Tommy Brown

Personal information
- Full name: Thomas Law Brown
- Date of birth: 17 April 1921
- Place of birth: Glenbuck, Scotland
- Date of death: 10 May 1966 (aged 45)
- Place of death: Edinburgh, Scotland
- Position(s): Wing half

Senior career*
- Years: Team / Apps / (Gls)
- 1936–1938: Cambuslang Rangers
- 1938–1942: Heart of Midlothian / 29 / (1)
- 1945–1948: Millwall / 69 / (7)
- 1948–1950: Charlton Athletic / 34 / (1)
- 1950–1953: Leyton Orient / 98 / (5)
- –: Dartford

International career
- 1939: Scottish League XI / 1 / (0)
- 1939–1941: Scotland (wartime) / 3 / (0)

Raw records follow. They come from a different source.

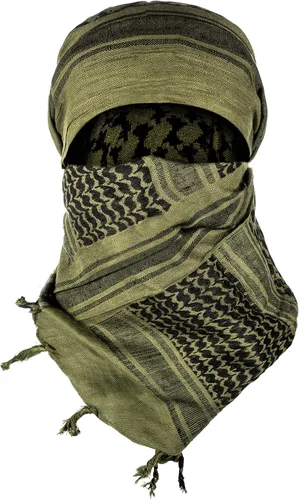Texas Bushcraft Tactical Shemagh - Auténtico Keffiyeh 100% algodón para tu equipo de camping, senderismo y mochilero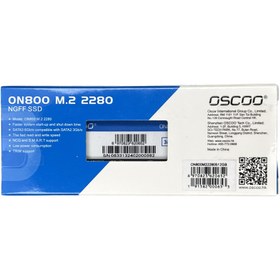 تصویر اس اس دی اینترنال M.2 SATA اسکو مدل OSCOO ON800 ظرفیت 2 ترابایت OSCOO ON800 M.2 SATA 2TB Internal SSD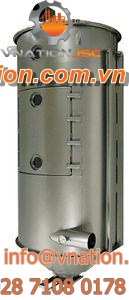 drying hopper / for plastics / for pellets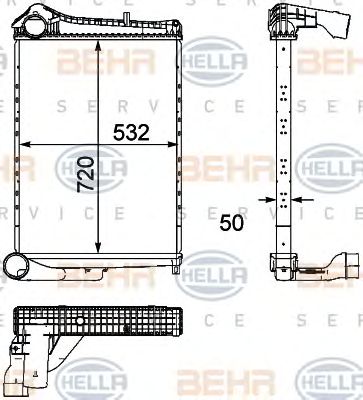 HELLA 8ml376746381 -  Интеркулер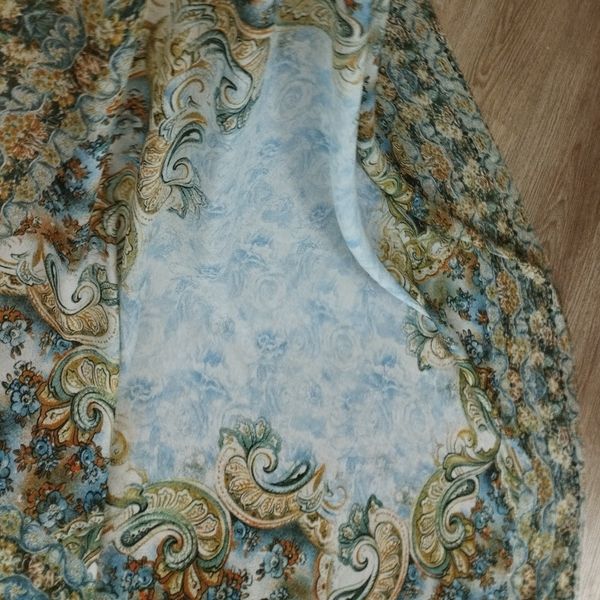 روسری نخی قواره 120طرح‌ آبرنگی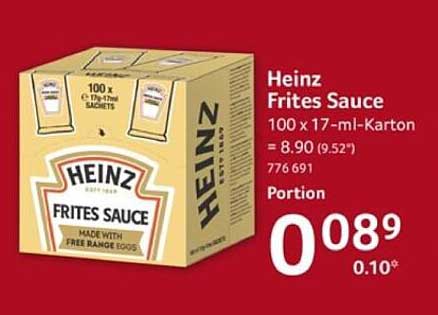 Heinz Frites Sauce 100 x 17-ml-Säckchen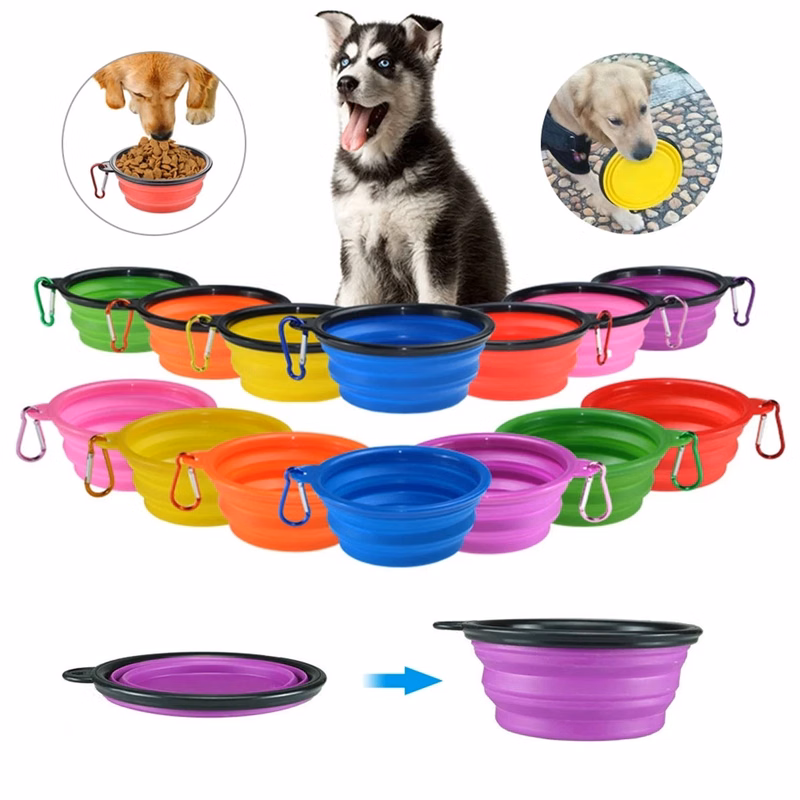 Folding Bowl For Pet MOQ 50 PCS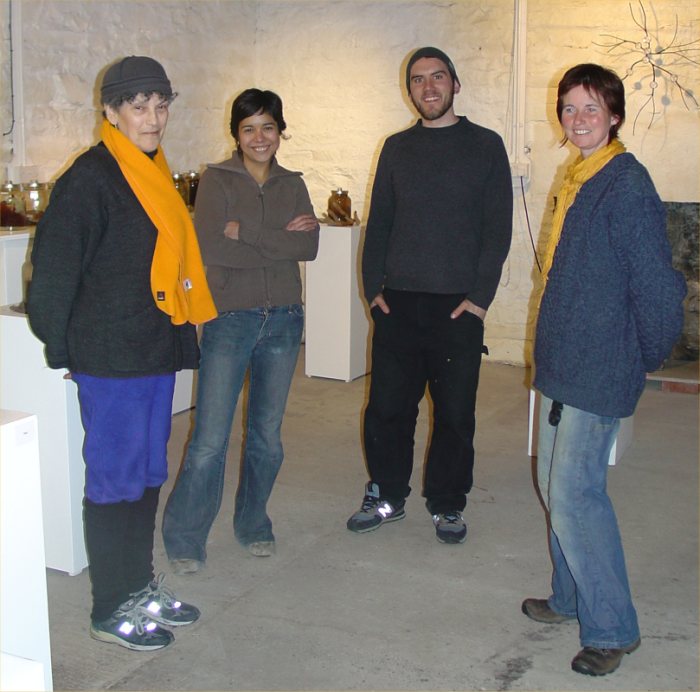 Photo: The Artists On A Six Week Residency At Northlands Glass, Lybster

= Tommy Brown (footballer, born 1921) =

Scottish footballer (1921–1966)

Thomas Law Brown (17 April 1921 – 10 May 1966) was a Scottish footballer who played for clubs including Heart of Midlothian, Millwall, Charlton Athletic and Leyton Orient, as a wing half. In a career interrupted by World War II, he had been selected for the Scottish League XI within his first season as a professional at Hearts aged 17, and played for Scotland in three unofficial wartime international matches, two of them while still a teenager. After the war, he moved to English football, playing only for clubs in London.

Brown was born in the small Ayrshire mining community of Glenbuck which produced several professional footballers, among them a pair of brothers with the same surname and even including another Tommy Brown; however, it is believed he was not directly related to them.